Pierwszy automat na psie kupy na świecie stanął w Poznaniu
We wtorek na osiedlu Chrobrego, w pobliżu wybiegu dla psów, stanął pierwszy na świecie automat na psie kupy. "Rekuperator" ma zachęcać właścicieli czworonogów do sprzątania po swoim psie. Za wrzucenie do maszyny woreczka z odchodami można wygrać... piłeczkę dla swojego pupila.
Nietypowy jednoręki bandyta powstał w ramach warsztatów Think Blue organizowanych przez markę Volkswagen Group Polska. Zamysłem było stworzenie mebla miejskiego, który nie tylko miałby dobrze wyglądać, ale przede wszystkim miałby być użyteczny.
Ostatecznie stanęło na maszynie, która będzie zachęcać właścicieli psów do sprzątania po swoim pupilu. Wystarczy pobrać z automatu woreczek, sprzątnąć do niego odchody swojego psa i wrzucić woreczek do maszyny. Następnie ciągniemy wajchą (jak w jednorękim bandycie) i uruchamiamy system losujący. W przypadku wygranej (trzy takie same symbole w jednym rzędzie) - z automatu wypadnie nagroda. Będzie to na przykład piłeczka dla naszego pupila. Jeśli będziemy mieć mniej szczęścia - usłyszymy tylko, że musimy spróbować ponownie.

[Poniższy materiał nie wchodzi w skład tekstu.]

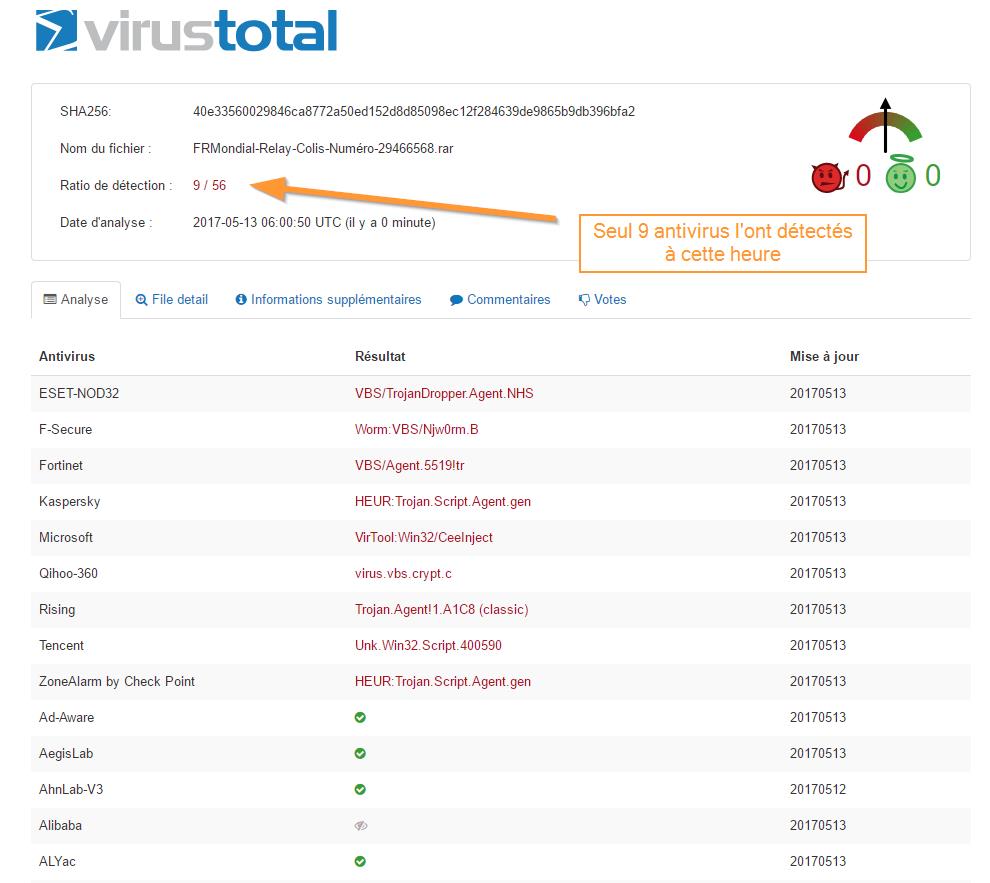 Trojan-MondialRelay-virustotal.jpg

"Rekuperator", bo tak nazwano maszynę, stanął we wtorek na osiedlu Chrobrego, w pobliżu wybiegu dla psów. Jest to pierwsza tego typu maszyna na świecie. Testowo będzie działać na os. Chrobrego przez miesiąc. - Urządzenie jest prototypem realizującym pewną ideę i - jak większość rozwiązań powstałych w ramach akcji Think Blue na całym świecie - ma przez zabawę prowokować do zmiany postaw na bardziej proekologiczne. Rekuperator został przez nas przetestowany w procesie produkcji, ale prawdziwa próba to oddanie go do użytku poznaniakom. Chcemy zobaczyć jak zareagują na urządzenie, czy maszyna będzie służyć celowi, dla którego została stworzona i co należy w niej jeszcze poprawić. Jeśli tylko pomysł się sprawdzi, nie wykluczamy postawienia kolejnych Rekuperatorów. Już zgłaszają się do nas przedstawiciele innych miast z prośbą o zainstalowanie naszych urządzeń na ich terenie - mówi Mateusz Liśkiewicz, kierownik ds. komunikacji marki Volkswagen w Volkswagen Group Polska. - Nie zastąpią one oczywiście zwykłych koszy i nie będą nam towarzyszyły przy każdym trawniku. Akcja ma bowiem przełamać w nas pewną barierę i zachęcać do sprzątania po psach oraz wytworzyć modę na czyste trawniki.